The number of drilling permits – a leading indicator of future activity – issued for the Permian region in April, the latest month available, was the highest since October 2015.
The Permian rig count remains far below its November 2014 peak of 467 rigs recorded by oil services company Baker Hughes, and many areas and new wells less productive than those in “sweet spots” will need prices to climb further to be profitable again. But the stirrings suggest some relief is on its way. Job losses in Midland and Odessa, the region’s main cities, have slowed, local oil executives talk about plans to drill and some are already arranging new financing.
Keith Moore, president and CEO of West Texas National Bank, a local energy lender, says loan applications are starting to arrive again after a year-long pause. “People were sitting on their projects. It looks like we are on the edge of recovery.”

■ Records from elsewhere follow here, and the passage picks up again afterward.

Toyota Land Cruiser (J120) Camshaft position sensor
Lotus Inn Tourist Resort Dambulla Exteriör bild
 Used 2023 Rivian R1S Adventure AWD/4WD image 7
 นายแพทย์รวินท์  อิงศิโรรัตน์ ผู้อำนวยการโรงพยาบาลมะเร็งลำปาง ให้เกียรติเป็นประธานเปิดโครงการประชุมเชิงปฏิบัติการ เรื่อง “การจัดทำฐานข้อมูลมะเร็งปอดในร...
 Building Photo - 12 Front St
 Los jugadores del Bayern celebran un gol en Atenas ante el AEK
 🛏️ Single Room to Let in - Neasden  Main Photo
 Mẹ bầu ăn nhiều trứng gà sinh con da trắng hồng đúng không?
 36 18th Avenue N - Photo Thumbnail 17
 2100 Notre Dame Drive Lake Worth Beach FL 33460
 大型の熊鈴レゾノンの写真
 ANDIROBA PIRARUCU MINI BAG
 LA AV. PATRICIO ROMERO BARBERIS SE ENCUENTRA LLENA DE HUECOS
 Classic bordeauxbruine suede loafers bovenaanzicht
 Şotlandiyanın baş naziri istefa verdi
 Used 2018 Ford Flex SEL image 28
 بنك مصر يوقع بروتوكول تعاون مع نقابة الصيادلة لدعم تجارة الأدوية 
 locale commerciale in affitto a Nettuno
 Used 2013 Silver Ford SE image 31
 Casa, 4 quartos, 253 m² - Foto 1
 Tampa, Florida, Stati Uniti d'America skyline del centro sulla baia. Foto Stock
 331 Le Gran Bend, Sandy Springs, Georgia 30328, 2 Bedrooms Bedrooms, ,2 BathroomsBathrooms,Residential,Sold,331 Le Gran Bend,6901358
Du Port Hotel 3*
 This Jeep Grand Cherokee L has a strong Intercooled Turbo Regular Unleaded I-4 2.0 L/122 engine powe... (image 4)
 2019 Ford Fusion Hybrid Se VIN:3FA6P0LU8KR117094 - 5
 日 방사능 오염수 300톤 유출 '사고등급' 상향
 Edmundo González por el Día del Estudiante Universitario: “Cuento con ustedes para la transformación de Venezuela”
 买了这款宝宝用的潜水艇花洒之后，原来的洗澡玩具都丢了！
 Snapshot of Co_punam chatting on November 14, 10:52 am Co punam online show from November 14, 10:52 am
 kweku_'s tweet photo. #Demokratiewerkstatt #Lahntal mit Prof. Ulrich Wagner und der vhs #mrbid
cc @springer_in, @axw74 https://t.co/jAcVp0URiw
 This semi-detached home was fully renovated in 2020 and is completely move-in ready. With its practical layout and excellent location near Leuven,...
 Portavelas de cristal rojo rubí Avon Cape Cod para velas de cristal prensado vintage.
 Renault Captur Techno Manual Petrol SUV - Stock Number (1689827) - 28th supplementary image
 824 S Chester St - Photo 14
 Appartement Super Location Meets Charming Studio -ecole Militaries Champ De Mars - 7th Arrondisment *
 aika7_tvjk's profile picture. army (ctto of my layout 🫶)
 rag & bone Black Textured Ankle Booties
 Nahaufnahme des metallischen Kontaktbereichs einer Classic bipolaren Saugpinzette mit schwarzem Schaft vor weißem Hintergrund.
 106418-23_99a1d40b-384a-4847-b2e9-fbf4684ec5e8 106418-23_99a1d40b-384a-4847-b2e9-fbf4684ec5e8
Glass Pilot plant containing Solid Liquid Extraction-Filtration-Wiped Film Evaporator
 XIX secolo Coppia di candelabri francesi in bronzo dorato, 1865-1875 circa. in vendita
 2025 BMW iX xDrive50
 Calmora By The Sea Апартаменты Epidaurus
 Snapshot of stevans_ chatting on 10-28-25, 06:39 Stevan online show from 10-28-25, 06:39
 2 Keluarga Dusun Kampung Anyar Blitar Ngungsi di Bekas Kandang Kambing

Pruett says with oil near $50, wells on three of Elevation Resources’ seven fields are already profitable and he expects prices to climb $60 next year, which would call for a second rig.
There are some signs of activity elsewhere. In North Dakota, permit requests rose by 10 to 66 in April, according to the latest readout and the rig count inched up to 28 last month before slipping back to a decade-long low of 27.
To be sure, it will take a broad, lasting recovery to stem the slide in business investment that shaved more than half a percentage point off the U.S. economic growth in the first quarter.
Drillers are also starting from a low base. For example, Elevation Resources has 30 employees now, compared with several hundred during the shale oil boom.
The fear of another “false dawn” is also keeping expansion plans in check. Last year, when crude prices climbed as far as $60 in late June, rig counts and drilling permits picked up too.
But a few things have changed since then.
At this time of last year, the U.S. crude production was still close to its peak of 9.69 million barrels a day and the global supply overhang showed no signs of abating. Today, U.S. production is falling and global supply growth is no longer outpacing demand. The U.S. government forecasts domestic output will bottom at 8.1 million b/d in September, then edge up by just 150,000 b/d through December.
The downturn also forced service companies to slash prices on everything from the trailers that house oil workers to lease rates for the drilling rigs. Pruett says he expects to lease his second rig for $15,000 a day, compared with $25,000 it costs him now under a lease signed during the boom.
He also says drilling crews that are still in the game are more experienced and it now takes them half the time to drill a new well as it used to.
It means that many producers can find ways to be profitable even if prices do not recover that much.
For Kirk Edwards, CEO of Odessa-based Latigo Petroleum, $55 a barrel will be enough to wade back in and take advantage of a perceived tightening of the market.
“We are looking to buy properties and we are looking to start drilling immediately if we hit our number.”
Like many, he remains a bit wary though.
“People are still not convinced there’s a recovery yet.”
Some analysts warn of a repeat of last year’s reversal saying hefty global inventories will keep weighing on prices while temporary factors such as wildfires in Canada’s oil sands might have been behind a perceived tightening of supply.
Stephen Robertson, the executive vice president of Permian Basin Petroleum Association, a trade group, said oil executives are mindful of committing too soon like they did in 2015, but also concerned about missing out on a nascent recovery.
“A lot of people are optimistic about $50 oil,” he said. “No one wants to be caught flat-footed and miss the jump.”